Tienen tres hijos, uno enfermo, ella está embarazada y el fuego los dejó en ruinas

Las llamas se originaron por una fuga de gas que provocó la explosión de una heladera. La familia está devastada.

No les quedó nada. El fuego arrasó con prácticamente todas las pertenencias de la humilde familia. Para ayudarlos, se puede llamar al 2646735082 (Yanina).

 

Micaela Morales (26) y su pareja Carlos Andrada (25) atraviesan una dramática situación. Son humildes y se las arreglan con la ayuda de un plan estatal para mantener a un nene epiléptico de 5 años, otros dos niños de 9 y 3 años y el que está por venir: ella está embarazada de 5 meses. Y a sus complicaciones para poder vivir sumaron una prueba mucho más difícil: un incendio destrozó todo lo que tenían en su casa de cañas, palos y adobes cuando no estaban. Según la dueña de casa, todo se originó por una fuga de gas en la manguera de una garrafa.

El hecho trascendió ayer pero ocurrió en la tarde del pasado jueves, en una precaria construcción de adobe situada en una finca, ubicada en el callejón Zavalla, al Este de Ruta 40, frente a la Escuela Pedro de Valdivia, en Carpintería, Pocito.

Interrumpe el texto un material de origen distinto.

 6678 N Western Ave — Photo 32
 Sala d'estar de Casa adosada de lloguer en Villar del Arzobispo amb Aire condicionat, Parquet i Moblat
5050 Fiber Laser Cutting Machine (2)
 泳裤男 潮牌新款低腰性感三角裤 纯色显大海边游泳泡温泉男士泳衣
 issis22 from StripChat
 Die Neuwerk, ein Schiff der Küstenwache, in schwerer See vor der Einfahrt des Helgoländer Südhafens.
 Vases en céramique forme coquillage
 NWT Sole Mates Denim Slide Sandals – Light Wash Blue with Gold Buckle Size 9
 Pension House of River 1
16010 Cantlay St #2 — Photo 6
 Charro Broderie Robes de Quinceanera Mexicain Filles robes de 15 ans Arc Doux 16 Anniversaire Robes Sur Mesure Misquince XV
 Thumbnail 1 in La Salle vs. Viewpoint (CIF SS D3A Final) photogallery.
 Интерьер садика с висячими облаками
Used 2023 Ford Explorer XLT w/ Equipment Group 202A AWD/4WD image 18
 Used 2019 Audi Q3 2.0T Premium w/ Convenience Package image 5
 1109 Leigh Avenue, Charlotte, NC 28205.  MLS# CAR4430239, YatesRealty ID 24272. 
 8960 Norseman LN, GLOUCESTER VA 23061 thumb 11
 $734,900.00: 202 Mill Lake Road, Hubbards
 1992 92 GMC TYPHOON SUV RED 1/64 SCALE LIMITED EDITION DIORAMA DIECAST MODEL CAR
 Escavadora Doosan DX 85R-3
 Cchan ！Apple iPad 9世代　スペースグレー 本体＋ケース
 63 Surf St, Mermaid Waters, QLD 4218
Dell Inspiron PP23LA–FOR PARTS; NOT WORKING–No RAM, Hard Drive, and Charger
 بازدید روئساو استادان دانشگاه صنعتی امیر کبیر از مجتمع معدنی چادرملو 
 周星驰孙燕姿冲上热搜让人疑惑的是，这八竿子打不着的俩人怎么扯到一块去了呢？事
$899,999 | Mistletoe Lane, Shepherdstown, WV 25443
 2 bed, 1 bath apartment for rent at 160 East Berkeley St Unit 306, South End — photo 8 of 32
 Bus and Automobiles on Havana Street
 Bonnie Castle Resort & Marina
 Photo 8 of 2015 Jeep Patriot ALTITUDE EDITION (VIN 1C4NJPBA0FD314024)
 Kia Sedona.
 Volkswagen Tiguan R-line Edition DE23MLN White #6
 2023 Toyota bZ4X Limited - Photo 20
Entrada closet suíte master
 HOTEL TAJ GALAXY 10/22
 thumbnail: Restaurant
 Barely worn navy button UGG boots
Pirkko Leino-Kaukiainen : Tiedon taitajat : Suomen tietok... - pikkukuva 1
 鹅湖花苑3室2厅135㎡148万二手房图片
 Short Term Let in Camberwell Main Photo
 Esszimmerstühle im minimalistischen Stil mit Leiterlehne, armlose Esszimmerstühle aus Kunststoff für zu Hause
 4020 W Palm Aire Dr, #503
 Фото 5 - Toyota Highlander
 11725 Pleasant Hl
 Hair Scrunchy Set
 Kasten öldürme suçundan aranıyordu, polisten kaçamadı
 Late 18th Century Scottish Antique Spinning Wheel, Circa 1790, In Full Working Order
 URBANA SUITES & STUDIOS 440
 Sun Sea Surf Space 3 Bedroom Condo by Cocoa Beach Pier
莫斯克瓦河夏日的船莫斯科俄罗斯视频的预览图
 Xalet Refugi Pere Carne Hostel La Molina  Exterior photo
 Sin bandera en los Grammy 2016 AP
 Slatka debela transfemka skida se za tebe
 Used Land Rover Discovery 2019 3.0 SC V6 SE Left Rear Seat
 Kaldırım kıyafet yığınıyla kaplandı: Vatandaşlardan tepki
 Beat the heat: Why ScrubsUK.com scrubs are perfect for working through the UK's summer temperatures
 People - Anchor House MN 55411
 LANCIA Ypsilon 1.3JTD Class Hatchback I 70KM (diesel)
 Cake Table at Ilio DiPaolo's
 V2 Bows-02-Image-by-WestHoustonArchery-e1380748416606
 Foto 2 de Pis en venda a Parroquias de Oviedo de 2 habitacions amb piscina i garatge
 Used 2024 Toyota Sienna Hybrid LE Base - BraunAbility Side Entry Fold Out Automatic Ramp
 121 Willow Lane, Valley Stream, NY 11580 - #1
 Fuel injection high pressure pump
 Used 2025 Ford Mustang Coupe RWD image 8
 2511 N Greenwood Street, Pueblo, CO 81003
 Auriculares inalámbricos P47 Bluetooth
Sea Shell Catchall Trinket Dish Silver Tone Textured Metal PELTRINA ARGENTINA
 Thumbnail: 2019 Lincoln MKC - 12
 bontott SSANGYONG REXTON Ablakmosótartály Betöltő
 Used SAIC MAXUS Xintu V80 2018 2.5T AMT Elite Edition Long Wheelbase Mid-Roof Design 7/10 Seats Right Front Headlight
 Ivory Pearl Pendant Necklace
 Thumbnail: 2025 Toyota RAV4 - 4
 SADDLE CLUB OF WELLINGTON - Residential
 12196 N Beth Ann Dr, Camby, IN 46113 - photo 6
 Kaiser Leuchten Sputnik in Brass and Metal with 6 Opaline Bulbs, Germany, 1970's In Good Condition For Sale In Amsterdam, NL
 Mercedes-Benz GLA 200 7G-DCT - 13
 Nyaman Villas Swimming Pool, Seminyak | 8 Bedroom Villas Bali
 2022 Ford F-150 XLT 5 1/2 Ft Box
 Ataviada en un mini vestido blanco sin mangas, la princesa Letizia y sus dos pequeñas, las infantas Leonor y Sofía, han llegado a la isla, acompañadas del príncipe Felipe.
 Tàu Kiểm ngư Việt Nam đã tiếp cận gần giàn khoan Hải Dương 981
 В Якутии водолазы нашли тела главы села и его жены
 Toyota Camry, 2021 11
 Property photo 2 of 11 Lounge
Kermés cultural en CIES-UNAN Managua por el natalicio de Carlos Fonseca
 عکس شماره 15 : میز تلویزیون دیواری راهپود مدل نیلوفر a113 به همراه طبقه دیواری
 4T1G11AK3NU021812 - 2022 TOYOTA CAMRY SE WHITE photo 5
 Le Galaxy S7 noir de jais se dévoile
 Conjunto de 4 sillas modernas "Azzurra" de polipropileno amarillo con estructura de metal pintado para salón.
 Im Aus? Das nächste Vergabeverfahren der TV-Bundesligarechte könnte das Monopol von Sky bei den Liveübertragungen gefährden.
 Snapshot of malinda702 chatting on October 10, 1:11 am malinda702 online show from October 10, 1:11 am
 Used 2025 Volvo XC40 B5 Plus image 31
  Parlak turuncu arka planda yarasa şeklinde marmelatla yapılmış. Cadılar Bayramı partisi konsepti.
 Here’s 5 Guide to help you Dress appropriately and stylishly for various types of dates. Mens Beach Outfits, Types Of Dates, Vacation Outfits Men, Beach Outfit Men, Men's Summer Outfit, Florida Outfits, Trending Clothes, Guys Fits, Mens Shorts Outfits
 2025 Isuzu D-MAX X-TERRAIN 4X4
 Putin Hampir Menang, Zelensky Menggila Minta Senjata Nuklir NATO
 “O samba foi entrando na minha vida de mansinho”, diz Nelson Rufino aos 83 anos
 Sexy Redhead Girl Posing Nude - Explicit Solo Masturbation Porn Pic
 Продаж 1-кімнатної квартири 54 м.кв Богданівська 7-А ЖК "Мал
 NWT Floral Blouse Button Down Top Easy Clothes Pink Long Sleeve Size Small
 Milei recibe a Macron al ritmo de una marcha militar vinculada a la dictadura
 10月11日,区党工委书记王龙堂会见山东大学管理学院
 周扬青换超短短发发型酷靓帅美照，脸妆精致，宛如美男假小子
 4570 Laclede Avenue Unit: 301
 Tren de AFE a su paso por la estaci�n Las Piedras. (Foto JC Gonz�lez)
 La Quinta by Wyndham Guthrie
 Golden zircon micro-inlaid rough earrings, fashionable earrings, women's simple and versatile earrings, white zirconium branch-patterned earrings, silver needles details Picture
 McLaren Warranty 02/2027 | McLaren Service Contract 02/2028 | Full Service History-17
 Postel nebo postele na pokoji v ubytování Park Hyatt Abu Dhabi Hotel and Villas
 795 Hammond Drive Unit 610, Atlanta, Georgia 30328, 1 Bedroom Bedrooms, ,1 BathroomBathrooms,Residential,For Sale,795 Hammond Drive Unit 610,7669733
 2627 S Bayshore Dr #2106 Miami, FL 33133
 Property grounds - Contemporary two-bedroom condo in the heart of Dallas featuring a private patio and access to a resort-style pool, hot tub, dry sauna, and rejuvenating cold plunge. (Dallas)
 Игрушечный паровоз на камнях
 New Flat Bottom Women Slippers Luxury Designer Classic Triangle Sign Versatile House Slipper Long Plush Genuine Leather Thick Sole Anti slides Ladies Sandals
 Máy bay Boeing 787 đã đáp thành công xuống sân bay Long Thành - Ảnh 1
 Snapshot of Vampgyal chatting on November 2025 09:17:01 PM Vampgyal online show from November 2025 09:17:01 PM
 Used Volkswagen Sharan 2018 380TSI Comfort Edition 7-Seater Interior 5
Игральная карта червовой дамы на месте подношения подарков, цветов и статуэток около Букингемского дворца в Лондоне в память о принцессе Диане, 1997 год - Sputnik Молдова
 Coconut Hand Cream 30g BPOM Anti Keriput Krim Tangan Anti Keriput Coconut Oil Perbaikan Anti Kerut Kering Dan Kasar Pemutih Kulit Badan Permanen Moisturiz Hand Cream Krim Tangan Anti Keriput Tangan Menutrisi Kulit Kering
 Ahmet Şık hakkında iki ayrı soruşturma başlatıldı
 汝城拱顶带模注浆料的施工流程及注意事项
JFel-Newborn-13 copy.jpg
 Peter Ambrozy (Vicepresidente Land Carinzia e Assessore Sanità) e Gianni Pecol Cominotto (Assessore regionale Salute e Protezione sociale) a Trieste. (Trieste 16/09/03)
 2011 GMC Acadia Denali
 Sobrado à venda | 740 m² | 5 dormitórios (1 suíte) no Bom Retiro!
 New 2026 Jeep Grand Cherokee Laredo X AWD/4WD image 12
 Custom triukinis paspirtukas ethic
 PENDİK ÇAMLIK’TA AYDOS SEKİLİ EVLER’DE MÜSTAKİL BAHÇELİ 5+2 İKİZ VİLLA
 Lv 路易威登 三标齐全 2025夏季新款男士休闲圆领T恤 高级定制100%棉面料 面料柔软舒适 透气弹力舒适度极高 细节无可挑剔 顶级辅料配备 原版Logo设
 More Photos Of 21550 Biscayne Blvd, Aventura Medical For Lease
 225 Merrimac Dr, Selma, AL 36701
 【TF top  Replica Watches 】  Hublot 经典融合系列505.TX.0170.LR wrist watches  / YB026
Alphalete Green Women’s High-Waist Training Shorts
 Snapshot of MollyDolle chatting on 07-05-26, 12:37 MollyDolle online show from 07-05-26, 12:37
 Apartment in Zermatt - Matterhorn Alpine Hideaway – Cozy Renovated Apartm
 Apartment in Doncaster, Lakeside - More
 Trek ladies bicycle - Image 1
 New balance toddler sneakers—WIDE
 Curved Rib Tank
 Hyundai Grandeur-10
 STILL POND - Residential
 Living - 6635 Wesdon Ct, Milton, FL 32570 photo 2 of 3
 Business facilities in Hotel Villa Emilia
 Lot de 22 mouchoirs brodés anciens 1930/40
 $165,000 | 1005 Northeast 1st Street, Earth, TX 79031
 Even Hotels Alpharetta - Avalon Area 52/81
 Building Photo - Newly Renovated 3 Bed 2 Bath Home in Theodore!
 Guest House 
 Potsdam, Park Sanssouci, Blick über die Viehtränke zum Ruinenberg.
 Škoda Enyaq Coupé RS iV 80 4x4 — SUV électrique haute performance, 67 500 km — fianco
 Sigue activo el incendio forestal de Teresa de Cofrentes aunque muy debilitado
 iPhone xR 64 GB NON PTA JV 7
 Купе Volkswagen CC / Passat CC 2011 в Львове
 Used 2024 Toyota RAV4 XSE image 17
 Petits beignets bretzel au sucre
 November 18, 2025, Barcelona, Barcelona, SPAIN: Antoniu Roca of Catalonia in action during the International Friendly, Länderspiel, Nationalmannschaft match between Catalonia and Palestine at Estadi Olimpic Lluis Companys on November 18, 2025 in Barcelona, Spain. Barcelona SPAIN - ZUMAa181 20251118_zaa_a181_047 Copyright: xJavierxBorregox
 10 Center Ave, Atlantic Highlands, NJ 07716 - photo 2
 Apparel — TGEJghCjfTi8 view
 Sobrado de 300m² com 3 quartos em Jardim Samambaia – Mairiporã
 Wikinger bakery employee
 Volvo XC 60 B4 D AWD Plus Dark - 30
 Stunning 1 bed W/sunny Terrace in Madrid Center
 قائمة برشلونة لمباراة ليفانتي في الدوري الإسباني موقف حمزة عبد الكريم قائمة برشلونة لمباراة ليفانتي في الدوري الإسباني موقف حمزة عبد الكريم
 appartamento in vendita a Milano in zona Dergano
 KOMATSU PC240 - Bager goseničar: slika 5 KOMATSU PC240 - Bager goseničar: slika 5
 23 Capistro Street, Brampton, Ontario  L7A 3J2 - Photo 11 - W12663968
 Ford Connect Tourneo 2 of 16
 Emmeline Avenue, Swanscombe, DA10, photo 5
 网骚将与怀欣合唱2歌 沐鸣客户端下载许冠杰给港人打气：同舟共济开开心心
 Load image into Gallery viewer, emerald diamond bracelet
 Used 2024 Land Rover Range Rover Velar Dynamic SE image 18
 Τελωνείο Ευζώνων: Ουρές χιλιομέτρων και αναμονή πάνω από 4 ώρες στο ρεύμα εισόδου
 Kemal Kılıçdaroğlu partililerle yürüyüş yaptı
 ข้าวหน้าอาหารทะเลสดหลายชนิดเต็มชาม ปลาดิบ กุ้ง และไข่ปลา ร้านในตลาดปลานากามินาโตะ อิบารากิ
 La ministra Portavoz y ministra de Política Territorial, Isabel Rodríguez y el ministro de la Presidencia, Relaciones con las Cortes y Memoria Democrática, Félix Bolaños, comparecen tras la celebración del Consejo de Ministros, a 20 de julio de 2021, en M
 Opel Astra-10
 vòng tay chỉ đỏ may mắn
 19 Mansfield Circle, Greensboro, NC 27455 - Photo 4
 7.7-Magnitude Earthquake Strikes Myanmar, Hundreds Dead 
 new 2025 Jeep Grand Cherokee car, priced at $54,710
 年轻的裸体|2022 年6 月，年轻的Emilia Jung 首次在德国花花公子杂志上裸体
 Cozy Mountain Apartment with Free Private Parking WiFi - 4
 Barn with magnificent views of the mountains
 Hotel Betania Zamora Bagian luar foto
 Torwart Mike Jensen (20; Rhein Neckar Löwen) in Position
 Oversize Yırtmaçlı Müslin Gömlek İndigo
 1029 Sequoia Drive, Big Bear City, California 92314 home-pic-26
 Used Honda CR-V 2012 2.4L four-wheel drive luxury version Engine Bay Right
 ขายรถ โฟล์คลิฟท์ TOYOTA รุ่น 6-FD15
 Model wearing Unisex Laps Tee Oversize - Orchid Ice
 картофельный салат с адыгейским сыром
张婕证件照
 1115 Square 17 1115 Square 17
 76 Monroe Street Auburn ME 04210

Morales había salido a hacer unos trámites a Capital, su marido trabajaba en una plantación de pistacho y los chicos estaban en la casa de una abuela. "Como a las 18 me llamaron para decirme que se había escuchado una explosión y que se estaba prendiendo fuego la casa", contó la mujer. Al parecer, la vivienda no tenía ningún tipo de ventilación y el gas que se fugaba por la manguera de la garrafa hizo desastre cuando tomó contacto con la heladera en funcionamiento. El fuego que empezó en la cocina se extendió rápidamente a toda la vivienda y en pocos minutos la construcción ardía completamente. Los vecinos primero y luego los bomberos llegaron al lugar para apagar las llamas, pero el daño para entonces estaba hecho. La familia perdió prácticamente todo: desde un juego de mesa y sillas que todavía pagan en cuotas hasta los medicamentos del chiquito epiléptico y los estudios del embarazo de Morales, indicó la mujer. Además, gran parte de las paredes y el techo de caña y palos se vino abajo, por lo que se tuvieron que ir de la casa.

"Llegar y ver que no te quedó nada es terrible, sólo nos quedamos con lo puesto. Ver llorar a mis hijos por esto me parte el alma", alcanzó a decir Morales antes de estallar en lágrimas.